Back to the conversation. Much like the Rolling Stones, Aerosmith were actually quite bad ass in their younger days. I had forgotten what an amazing record Toys in the Attic was. So I gave it another play. Dynamite. That led me to do some internet searching, and before long I had found a concert from Cincinnati, circa 1973.
It blew my mind. The crowd was obviously small, and Aerosmith rocked like I had never heard before. There was an energy. These guys were playing balls out (possibly literally) and giving it all to impress this crowd which was probably filled with people who hadn't really heard of them.
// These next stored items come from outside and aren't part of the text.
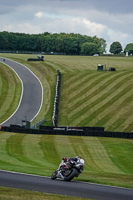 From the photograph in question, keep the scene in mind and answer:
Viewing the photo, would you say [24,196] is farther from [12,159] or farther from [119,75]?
[119,75]

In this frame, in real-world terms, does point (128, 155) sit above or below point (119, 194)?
below

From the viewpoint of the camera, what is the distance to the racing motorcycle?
25938 millimetres

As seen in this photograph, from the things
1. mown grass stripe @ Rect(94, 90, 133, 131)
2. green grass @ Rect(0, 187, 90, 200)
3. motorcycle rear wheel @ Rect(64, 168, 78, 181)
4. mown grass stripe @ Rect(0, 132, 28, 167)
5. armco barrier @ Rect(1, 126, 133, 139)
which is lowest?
mown grass stripe @ Rect(94, 90, 133, 131)

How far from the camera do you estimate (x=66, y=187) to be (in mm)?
23656

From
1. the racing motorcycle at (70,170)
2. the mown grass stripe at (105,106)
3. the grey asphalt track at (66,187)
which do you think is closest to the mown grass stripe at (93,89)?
the mown grass stripe at (105,106)

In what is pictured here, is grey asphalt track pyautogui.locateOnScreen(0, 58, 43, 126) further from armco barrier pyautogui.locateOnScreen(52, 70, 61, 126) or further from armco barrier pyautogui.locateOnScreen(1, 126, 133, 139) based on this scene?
armco barrier pyautogui.locateOnScreen(1, 126, 133, 139)

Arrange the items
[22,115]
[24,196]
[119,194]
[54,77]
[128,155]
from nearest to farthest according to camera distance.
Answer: [24,196], [119,194], [128,155], [22,115], [54,77]

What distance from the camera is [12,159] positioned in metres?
39.8

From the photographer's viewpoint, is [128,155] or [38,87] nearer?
[128,155]

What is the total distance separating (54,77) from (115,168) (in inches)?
2897

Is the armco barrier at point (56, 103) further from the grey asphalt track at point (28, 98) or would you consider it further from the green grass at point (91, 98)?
the grey asphalt track at point (28, 98)

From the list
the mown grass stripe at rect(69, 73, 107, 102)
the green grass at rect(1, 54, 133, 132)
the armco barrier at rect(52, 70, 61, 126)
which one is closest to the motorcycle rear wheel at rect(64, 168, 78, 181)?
the green grass at rect(1, 54, 133, 132)

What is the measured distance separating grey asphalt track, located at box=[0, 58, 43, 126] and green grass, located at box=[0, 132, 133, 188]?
74.0ft

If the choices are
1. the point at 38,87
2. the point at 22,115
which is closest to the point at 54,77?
the point at 38,87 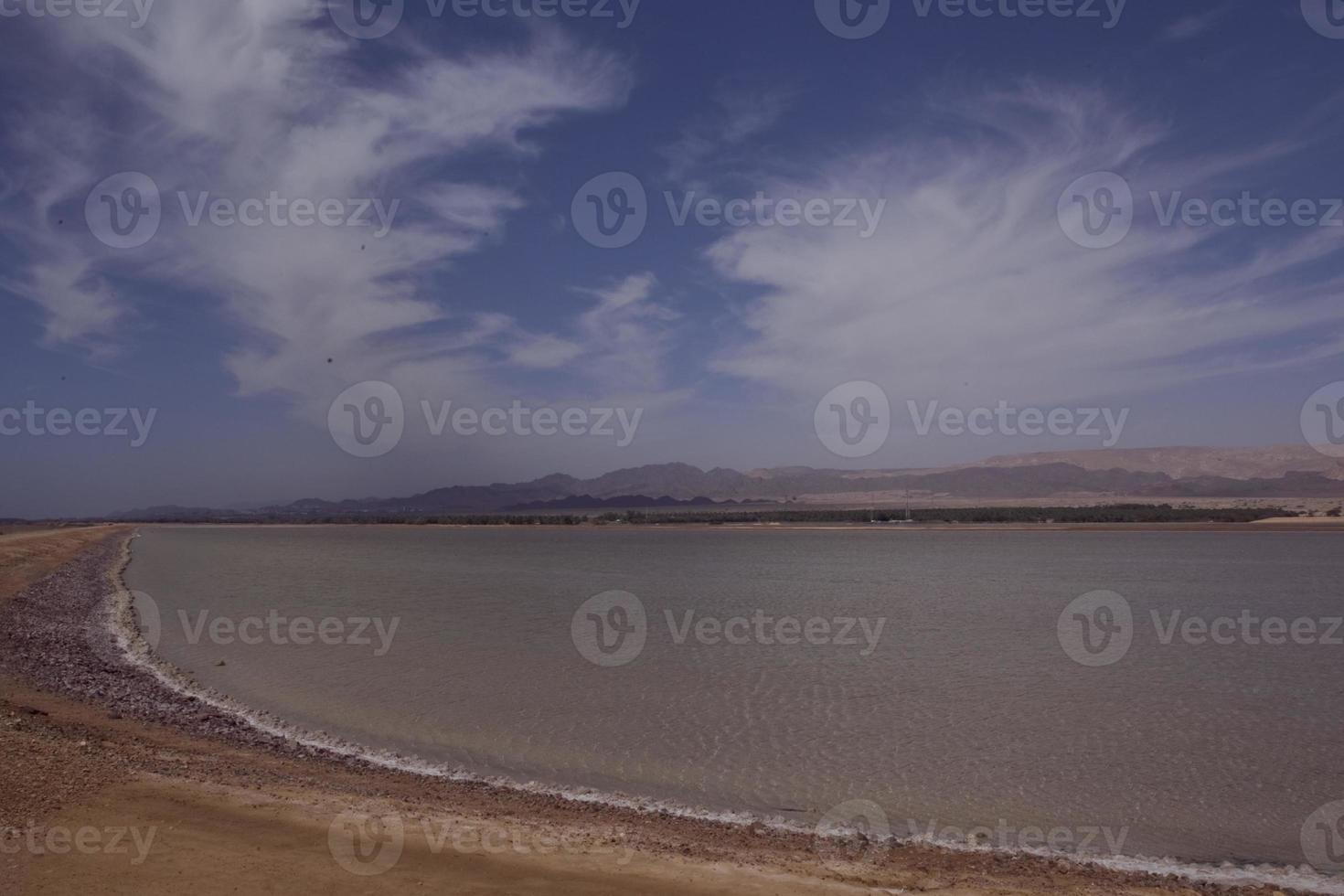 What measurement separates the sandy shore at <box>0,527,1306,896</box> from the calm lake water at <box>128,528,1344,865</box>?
96 cm

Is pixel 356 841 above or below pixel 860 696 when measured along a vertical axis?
above

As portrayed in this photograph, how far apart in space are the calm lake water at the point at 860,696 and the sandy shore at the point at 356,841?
0.96m

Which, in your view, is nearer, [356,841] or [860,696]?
[356,841]

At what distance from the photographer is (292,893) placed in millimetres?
4906

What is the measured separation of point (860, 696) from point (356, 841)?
25.3 feet

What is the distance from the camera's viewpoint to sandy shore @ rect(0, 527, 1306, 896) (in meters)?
5.14

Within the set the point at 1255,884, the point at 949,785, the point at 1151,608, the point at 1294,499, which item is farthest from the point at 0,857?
the point at 1294,499

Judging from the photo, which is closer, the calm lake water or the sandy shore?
the sandy shore

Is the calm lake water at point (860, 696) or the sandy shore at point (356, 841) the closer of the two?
the sandy shore at point (356, 841)

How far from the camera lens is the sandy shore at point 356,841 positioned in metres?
5.14

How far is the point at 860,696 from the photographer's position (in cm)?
1162

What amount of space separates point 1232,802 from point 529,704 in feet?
26.2

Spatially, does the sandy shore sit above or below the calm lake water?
above

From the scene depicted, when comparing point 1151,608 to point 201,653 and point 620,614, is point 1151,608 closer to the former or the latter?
point 620,614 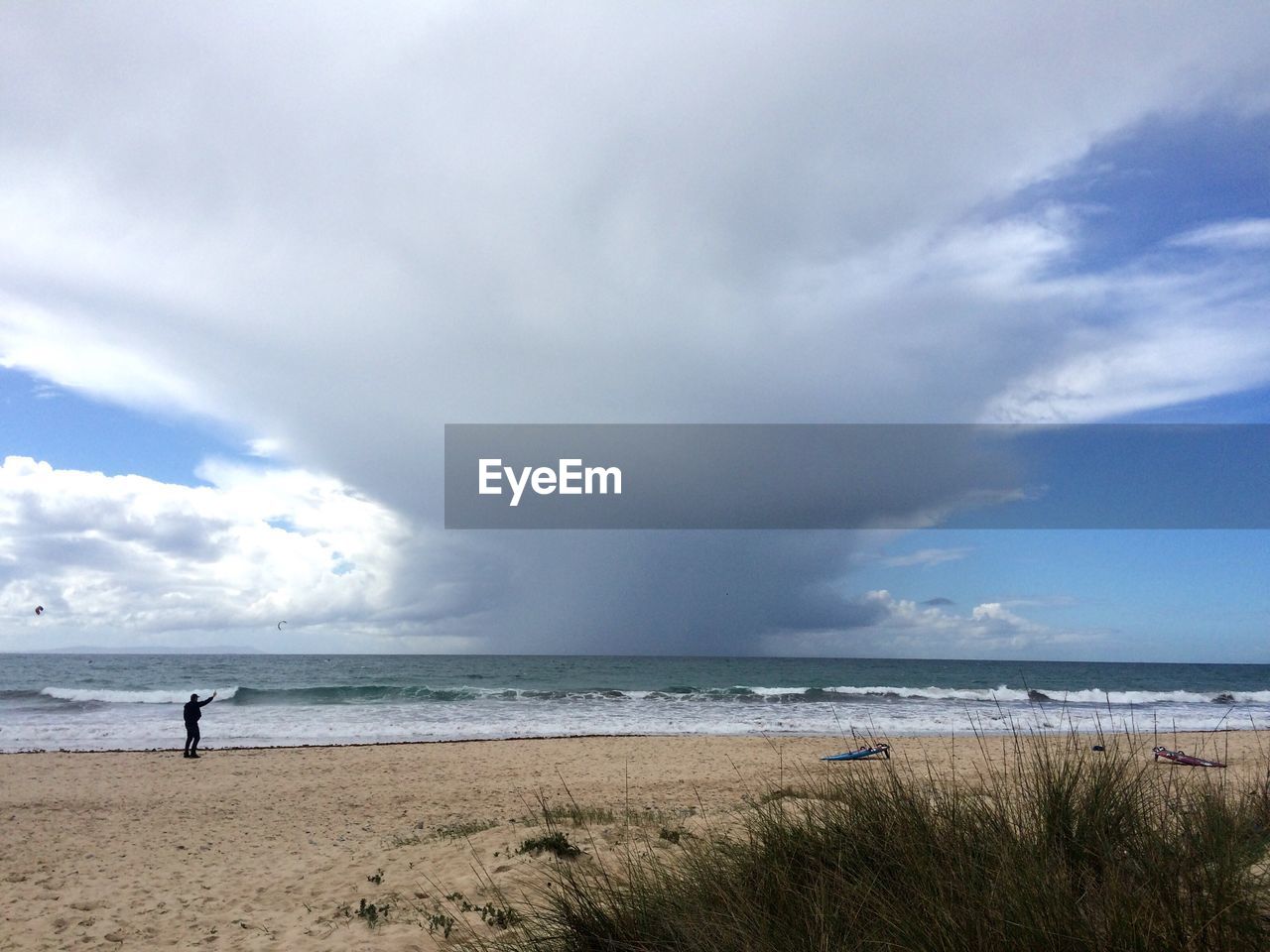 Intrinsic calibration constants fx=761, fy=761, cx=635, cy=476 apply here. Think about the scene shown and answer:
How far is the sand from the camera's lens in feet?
23.4

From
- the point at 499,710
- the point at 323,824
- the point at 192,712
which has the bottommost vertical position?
the point at 499,710

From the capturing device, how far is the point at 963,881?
3250 millimetres

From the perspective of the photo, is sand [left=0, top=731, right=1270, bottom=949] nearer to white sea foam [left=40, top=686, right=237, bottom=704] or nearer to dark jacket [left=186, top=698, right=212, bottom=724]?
dark jacket [left=186, top=698, right=212, bottom=724]

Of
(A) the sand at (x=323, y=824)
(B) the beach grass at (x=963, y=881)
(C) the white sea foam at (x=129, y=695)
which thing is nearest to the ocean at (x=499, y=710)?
(C) the white sea foam at (x=129, y=695)

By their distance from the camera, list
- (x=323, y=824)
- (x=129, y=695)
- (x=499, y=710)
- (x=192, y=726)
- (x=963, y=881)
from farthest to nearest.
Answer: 1. (x=129, y=695)
2. (x=499, y=710)
3. (x=192, y=726)
4. (x=323, y=824)
5. (x=963, y=881)

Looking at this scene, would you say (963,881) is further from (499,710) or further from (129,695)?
(129,695)

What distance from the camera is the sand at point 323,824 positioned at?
713cm

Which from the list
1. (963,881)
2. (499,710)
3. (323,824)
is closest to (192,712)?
(323,824)

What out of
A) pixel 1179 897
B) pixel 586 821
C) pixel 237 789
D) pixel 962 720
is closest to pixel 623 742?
pixel 237 789

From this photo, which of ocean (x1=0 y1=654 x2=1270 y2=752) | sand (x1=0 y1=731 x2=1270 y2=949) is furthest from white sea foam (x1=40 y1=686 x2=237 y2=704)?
sand (x1=0 y1=731 x2=1270 y2=949)

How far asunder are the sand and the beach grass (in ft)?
2.07

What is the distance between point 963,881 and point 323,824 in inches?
465

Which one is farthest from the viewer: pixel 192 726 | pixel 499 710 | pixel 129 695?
pixel 129 695

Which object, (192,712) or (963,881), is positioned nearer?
(963,881) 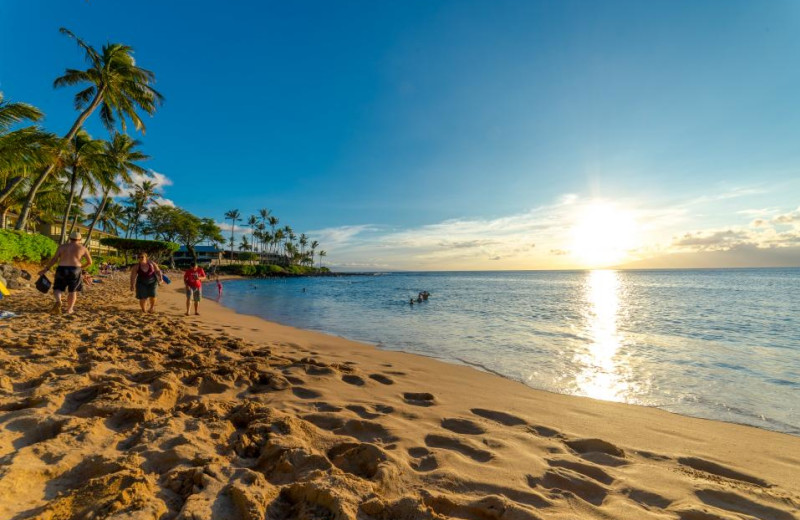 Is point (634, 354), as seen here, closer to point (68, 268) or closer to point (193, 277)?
point (193, 277)

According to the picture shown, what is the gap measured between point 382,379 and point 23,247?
21296 mm

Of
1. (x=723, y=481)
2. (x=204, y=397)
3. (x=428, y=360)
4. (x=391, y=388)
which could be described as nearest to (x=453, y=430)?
(x=391, y=388)

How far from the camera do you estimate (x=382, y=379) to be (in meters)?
5.00

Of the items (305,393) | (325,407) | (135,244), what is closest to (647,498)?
(325,407)

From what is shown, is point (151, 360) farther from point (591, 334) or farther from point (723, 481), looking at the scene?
point (591, 334)

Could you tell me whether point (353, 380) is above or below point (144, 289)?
below

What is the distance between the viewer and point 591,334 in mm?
10789

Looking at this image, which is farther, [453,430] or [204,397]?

The Bad Boys from Boston were making their name.
Which leads me to another bad boy from Boston, Robert B. Parker.
When he passed away last week, it shamed me to admit I had never read one of his novels. I remember watching Spenser for Hire on television when I was younger, but his books always sat on the bookstore shelf. Everytime I considered picking one up, something else grabbed me instead.
I couldn't have that anymore.
I picked up a copy of The Godwulf Manuscript, his first Spenser novel, and devoured it. (An amazing coincidence, this book was published in 1973, same year as that Aerosmith concert. Is the universe trying to tell me something.)
I read somewhere, perhaps Wikipedia (so I'm not sure if it's to be trusted) that he wrote this book in only three weeks. Let me tell you, it reads like it. It's filled with such a sense of urgency, that I can almost picture Parker, fueled by coffee and ideas, slaving over a typewriter, banging the pages out long into the night.
The book is a wonderful read, filled with all the bullet points of private eye fiction. The tough as nails leading man, quick with his fists and his mouth; The ladies who fall for his charms and find a moments peace in his bed; the cops who alternately hate his guts and respect him; and most importantly, the crooks and criminals who underestimate him. At 204 pages, it was a perfect little story.
And how many PI novels use a stolen illuminated medieval manuscript as the MacGuffin?
Add reading the Spenser series to my "to do" list.
Discussion point: Any albums that you remember hearing and feeling almost connected to band, and how they were living at the time it was recorded? For me, it was Guns & Roses Appetite for Destruction. I could practically smell the streets of Los Angeles in their music. Still not sure if that was a good thing. But it's always been a goal of mine to write a novel that gives me the same feeling they gave me as I listened to Mr. Brownstone, My Michelle, and Nightrain.